Ashe laughed. “Man, I have been dealing with ifs and maybes for most of my adult life. Being a snooper into the past takes a lot of guessing—then the hard grind of working to prove your guesses are right. There are certain basic patterns which become familiar—which you can use as the framework for your guess.”

“Human patterns,” Travis reminded. “Here we do not deal with humans.”

“No, we don’t. Unless you widen the definition of human to include any entity with intelligence and the power to use it. Which I believe we shall have to do, now that we are no longer planet—or system—bound. Anyway, to hunt through the remains of the tower civilization is our first job.

The next morning found them all, Renfry included, back at the tower. And, in those patches of sunlight which entered the packed room, the job Ashe and the chief of the winged people had set them looked even more formidable.

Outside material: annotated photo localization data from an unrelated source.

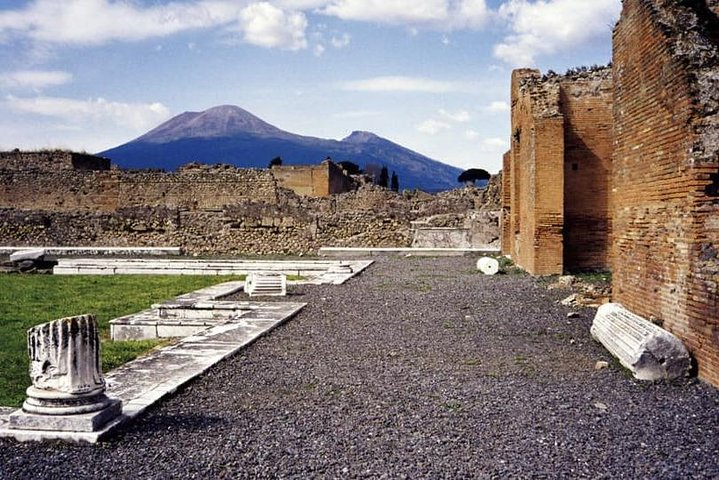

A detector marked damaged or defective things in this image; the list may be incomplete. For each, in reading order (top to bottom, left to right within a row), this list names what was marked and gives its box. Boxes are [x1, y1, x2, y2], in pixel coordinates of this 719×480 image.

broken architrave [592, 304, 692, 382]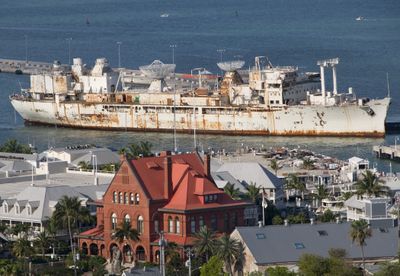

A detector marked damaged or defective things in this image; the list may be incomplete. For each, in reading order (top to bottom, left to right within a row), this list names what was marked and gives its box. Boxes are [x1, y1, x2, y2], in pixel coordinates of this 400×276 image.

rusty decommissioned ship [10, 55, 390, 137]
corroded hull [10, 97, 390, 137]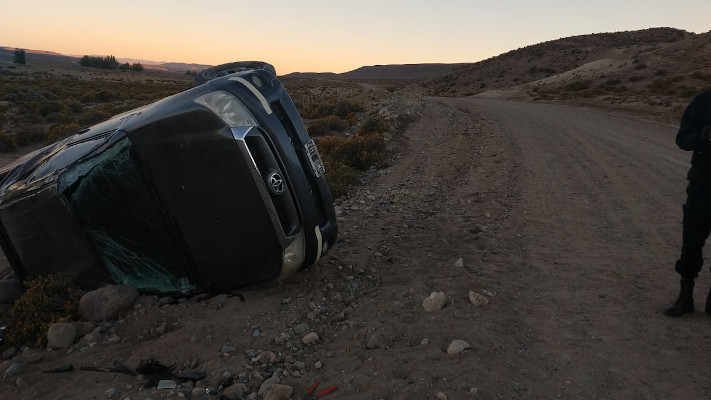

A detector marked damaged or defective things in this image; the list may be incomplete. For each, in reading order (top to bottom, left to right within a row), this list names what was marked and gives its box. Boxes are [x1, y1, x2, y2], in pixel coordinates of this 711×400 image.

overturned toyota vehicle [0, 61, 336, 294]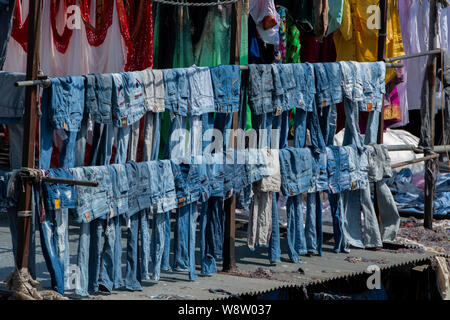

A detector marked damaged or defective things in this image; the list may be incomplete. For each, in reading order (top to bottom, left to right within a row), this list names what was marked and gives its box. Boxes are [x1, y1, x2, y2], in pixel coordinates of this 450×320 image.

rusty metal post [15, 0, 42, 272]
rusty metal post [222, 0, 241, 272]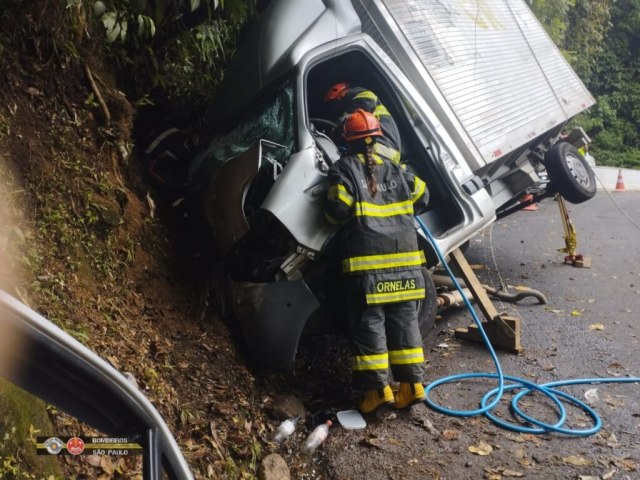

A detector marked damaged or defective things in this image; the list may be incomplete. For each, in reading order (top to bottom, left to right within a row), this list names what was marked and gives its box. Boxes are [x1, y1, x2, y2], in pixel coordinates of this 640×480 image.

shattered windshield [185, 81, 296, 194]
crashed truck [188, 0, 596, 372]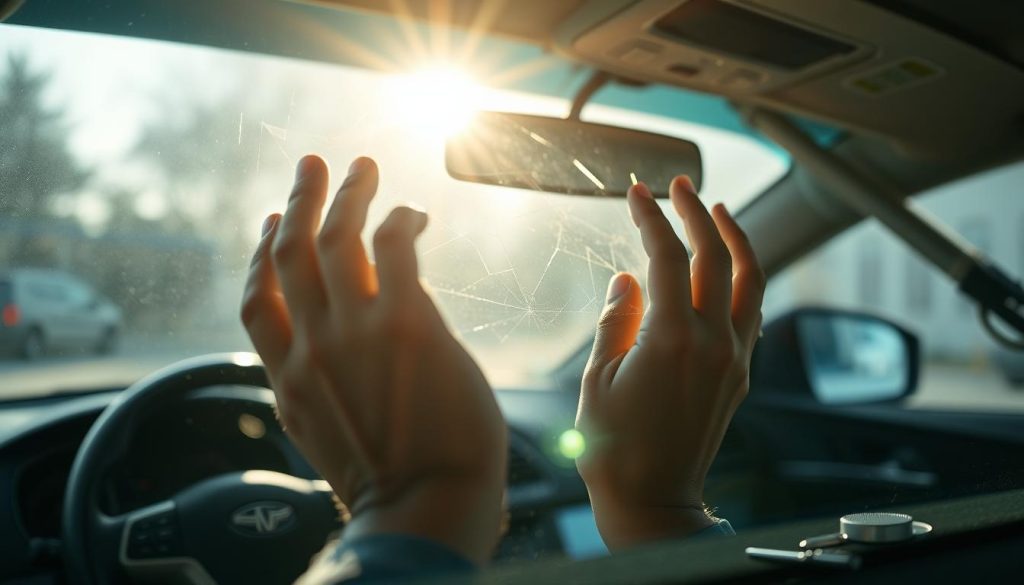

That is—it did until the cubs, or chicks, or children of the natives turned up to offer busy hands and quick bright eyes to assist. Travis found himself the center of a small gathering of the winged halflings all watching him with eager attention as he tried to disentangle a pile of disintegrating objects. A pair of small hands swooped to catch a rolling container, another helper brought out a box. A third straightened a coil of flexible stuff which was snarled about the top layer of the pile. The Apache laughed and nodded, hoping that both gestures would be translated as thanks and encouragement. Apparently they were, for the youngsters dived in with a will, their small hands wriggling into places he could not reach. Twice, though, he had to hurriedly jerk some too-ambitious delver back from a threatened avalanche of heavy goods.